What a good AI policy covers
- Acceptable use — clear examples of appropriate use (planning support, resource ideas, drafting) versus inappropriate use (generating pupil reports word-for-word, inputting identifiable pupil data).
- Data protection — a plain-English statement that no personal or identifiable pupil information is entered into public AI tools.
- Safeguarding — how AI-generated content is checked before it reaches pupils or parents, and who is responsible for that check.
- Roles and accountability — usually the headteacher or a designated senior leader owns the policy, with governor oversight.
- Review cycle — AI tools change quickly; an annual review date keeps the policy honest rather than symbolic.
A common mistake
Many schools copy a policy template from another school or a MAT and never adapt it to their own context. A policy that doesn't reflect what your staff are actually doing with AI won't be followed — and won't protect you if something goes wrong. Start from how your staff currently use these tools, not from a generic checklist someone else wrote.

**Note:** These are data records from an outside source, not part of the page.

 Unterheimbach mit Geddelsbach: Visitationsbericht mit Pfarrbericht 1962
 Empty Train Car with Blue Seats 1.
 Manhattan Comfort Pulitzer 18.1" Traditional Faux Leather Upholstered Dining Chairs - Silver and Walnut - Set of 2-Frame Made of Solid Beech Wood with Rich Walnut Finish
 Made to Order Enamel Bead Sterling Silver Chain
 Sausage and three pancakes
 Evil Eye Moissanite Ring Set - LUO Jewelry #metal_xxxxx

How long should it actually take to write?
A working first draft, covering all five areas above, typically takes a competent SLT member two to three hours to write from scratch — longer if you're consulting staff and governors properly, which you should. If that sounds like more time than you have this term, it's worth knowing that a tailored, governor-ready AI policy is included as standard with every AskColin package, drafted during your free site visit and aligned to DfE guidance, KCSiE and UK GDPR.
Key takeaways
- Five areas matter: acceptable use, data protection, safeguarding, accountability, review.
- Write it from how your staff actually use AI, not a generic template.
- Review annually — AI tools change faster than most school policies do.